▶ Activity
Would you please copy the part of the material below that opens with the line containing "May include: A decorative" and closes with the line containing "Installed view of"? Copy it exactly, and only it.

▶ Task input
○ ○ ○ ○ ○
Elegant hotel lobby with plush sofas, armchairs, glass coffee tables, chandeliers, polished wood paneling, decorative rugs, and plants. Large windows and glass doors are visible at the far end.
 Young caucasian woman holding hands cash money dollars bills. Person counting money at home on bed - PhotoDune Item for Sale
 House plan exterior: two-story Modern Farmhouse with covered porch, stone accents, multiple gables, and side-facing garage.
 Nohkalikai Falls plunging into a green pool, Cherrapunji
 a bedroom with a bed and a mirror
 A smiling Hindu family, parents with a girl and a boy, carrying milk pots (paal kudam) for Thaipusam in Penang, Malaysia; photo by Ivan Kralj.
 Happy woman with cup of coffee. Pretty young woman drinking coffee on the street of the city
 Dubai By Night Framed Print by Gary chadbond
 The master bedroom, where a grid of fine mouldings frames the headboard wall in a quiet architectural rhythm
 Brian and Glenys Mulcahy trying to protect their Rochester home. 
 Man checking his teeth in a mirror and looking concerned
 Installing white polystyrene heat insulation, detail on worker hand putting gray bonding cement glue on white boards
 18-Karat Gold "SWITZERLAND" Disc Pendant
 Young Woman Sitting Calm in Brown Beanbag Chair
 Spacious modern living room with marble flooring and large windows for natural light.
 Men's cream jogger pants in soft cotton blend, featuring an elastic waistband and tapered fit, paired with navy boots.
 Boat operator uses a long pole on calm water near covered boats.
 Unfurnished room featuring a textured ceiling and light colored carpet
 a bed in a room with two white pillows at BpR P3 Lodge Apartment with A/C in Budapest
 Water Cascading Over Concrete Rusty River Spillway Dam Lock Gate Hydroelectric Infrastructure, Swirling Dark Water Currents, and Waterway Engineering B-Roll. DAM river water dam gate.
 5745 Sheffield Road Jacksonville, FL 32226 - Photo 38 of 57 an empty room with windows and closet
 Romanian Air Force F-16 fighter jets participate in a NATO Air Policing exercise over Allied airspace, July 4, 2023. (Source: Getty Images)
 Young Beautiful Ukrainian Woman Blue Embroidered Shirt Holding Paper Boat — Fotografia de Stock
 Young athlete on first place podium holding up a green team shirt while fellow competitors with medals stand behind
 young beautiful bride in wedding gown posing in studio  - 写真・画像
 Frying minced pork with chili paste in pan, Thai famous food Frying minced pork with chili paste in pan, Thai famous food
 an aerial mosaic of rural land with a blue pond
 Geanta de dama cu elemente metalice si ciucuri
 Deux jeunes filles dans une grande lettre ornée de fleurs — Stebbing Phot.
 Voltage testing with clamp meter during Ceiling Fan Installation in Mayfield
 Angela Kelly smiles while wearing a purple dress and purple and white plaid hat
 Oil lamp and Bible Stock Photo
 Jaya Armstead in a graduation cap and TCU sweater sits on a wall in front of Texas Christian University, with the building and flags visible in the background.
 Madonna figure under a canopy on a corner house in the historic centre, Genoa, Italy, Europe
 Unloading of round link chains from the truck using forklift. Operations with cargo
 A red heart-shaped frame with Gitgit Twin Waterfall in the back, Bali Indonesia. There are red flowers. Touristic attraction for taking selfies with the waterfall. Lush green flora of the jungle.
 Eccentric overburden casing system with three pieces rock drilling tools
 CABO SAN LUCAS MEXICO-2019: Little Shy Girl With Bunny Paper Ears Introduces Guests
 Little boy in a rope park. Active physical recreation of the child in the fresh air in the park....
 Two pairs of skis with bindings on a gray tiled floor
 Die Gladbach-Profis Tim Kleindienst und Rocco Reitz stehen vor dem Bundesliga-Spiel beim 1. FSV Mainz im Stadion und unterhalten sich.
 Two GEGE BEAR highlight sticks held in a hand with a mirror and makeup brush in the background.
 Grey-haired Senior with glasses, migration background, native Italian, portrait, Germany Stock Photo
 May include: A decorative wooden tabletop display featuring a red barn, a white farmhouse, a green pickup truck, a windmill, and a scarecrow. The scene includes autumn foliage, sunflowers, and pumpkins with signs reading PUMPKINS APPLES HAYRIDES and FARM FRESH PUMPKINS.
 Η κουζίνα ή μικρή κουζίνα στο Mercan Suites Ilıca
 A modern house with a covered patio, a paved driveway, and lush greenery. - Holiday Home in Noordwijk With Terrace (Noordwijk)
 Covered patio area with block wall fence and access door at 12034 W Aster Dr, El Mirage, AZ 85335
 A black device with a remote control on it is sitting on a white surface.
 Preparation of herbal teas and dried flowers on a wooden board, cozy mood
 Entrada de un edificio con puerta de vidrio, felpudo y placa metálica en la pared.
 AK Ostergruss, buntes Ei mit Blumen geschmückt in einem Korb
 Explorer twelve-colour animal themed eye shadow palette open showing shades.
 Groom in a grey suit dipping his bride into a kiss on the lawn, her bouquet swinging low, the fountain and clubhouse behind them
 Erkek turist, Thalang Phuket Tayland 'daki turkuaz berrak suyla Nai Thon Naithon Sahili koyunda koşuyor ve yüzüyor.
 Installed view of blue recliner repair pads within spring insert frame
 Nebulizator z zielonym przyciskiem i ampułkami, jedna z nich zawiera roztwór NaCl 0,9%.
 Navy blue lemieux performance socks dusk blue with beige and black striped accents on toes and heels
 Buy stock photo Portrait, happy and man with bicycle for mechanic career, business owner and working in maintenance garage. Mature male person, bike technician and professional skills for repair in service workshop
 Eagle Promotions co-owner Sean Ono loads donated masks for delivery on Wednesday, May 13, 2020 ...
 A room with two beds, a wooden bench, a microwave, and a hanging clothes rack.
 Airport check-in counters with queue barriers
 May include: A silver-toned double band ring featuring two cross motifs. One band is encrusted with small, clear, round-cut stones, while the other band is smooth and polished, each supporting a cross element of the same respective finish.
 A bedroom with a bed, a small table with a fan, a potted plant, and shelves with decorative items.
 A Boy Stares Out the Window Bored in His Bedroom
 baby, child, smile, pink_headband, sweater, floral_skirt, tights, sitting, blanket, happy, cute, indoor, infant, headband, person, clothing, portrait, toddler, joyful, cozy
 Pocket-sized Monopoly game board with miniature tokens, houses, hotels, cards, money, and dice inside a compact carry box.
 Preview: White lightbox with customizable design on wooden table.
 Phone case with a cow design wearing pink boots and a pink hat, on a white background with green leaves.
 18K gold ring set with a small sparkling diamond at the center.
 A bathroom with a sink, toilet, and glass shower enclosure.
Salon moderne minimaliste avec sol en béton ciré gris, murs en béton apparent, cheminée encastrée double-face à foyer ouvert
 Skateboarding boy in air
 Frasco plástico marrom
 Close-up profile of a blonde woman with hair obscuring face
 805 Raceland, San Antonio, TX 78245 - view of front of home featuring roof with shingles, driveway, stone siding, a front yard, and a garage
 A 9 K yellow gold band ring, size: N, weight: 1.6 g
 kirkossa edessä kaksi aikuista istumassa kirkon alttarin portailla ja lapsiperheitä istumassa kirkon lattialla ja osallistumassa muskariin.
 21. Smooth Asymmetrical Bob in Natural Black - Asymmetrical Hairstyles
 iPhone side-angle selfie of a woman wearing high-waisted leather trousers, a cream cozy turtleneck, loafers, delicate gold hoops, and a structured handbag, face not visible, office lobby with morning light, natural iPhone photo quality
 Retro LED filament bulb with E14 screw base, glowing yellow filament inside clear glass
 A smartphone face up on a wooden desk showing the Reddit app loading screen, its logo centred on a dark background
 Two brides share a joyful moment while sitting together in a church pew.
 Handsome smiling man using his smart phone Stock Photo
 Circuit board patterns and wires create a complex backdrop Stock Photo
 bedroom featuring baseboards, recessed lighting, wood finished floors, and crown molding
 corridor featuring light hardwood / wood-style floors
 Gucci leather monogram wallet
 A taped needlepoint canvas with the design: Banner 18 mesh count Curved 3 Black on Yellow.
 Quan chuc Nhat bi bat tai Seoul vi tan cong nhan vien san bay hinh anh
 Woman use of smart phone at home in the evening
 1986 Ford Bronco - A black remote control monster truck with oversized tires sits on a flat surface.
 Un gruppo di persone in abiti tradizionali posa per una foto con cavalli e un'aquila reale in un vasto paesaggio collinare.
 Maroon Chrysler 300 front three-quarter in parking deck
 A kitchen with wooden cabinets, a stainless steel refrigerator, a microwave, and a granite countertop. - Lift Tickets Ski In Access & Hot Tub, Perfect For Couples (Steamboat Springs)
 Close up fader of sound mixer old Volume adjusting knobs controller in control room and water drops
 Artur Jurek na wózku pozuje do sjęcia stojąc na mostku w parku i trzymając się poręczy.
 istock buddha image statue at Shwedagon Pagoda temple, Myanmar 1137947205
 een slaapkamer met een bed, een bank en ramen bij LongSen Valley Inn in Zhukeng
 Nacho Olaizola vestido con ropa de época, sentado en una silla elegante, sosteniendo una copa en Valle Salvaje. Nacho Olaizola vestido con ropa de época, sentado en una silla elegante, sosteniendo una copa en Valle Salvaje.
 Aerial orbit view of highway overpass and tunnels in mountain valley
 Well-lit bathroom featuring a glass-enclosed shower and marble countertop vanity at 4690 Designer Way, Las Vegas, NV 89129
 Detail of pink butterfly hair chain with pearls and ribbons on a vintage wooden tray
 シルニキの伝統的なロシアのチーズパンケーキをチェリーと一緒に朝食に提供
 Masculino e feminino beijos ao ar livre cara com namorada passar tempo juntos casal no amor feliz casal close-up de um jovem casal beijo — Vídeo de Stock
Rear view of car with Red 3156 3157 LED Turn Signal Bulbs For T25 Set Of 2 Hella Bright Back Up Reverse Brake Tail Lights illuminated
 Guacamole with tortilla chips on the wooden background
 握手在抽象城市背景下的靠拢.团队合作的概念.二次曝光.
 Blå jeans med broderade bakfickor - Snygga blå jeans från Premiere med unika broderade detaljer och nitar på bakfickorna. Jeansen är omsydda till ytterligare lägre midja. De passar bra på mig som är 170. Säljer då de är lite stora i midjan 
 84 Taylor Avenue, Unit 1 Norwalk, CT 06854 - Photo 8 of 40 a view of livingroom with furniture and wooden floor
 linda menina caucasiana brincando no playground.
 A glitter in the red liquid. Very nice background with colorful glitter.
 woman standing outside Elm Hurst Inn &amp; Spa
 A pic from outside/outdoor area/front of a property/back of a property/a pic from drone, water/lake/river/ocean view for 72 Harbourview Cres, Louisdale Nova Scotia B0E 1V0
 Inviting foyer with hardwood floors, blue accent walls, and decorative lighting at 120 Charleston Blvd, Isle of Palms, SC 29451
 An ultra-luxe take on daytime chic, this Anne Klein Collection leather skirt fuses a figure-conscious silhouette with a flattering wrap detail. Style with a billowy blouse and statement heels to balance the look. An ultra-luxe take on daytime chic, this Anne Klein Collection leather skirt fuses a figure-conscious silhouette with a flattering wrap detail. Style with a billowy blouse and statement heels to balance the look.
○ ○ ○ ○ ○
▶ Exercise answer
 May include: A decorative wooden tabletop display featuring a red barn, a white farmhouse, a green pickup truck, a windmill, and a scarecrow. The scene includes autumn foliage, sunflowers, and pumpkins with signs reading PUMPKINS APPLES HAYRIDES and FARM FRESH PUMPKINS.
 Η κουζίνα ή μικρή κουζίνα στο Mercan Suites Ilıca
 A modern house with a covered patio, a paved driveway, and lush greenery. - Holiday Home in Noordwijk With Terrace (Noordwijk)
 Covered patio area with block wall fence and access door at 12034 W Aster Dr, El Mirage, AZ 85335
 A black device with a remote control on it is sitting on a white surface.
 Preparation of herbal teas and dried flowers on a wooden board, cozy mood
 Entrada de un edificio con puerta de vidrio, felpudo y placa metálica en la pared.
 AK Ostergruss, buntes Ei mit Blumen geschmückt in einem Korb
 Explorer twelve-colour animal themed eye shadow palette open showing shades.
 Groom in a grey suit dipping his bride into a kiss on the lawn, her bouquet swinging low, the fountain and clubhouse behind them
 Erkek turist, Thalang Phuket Tayland 'daki turkuaz berrak suyla Nai Thon Naithon Sahili koyunda koşuyor ve yüzüyor.
 Installed view of blue recliner repair pads within spring insert frame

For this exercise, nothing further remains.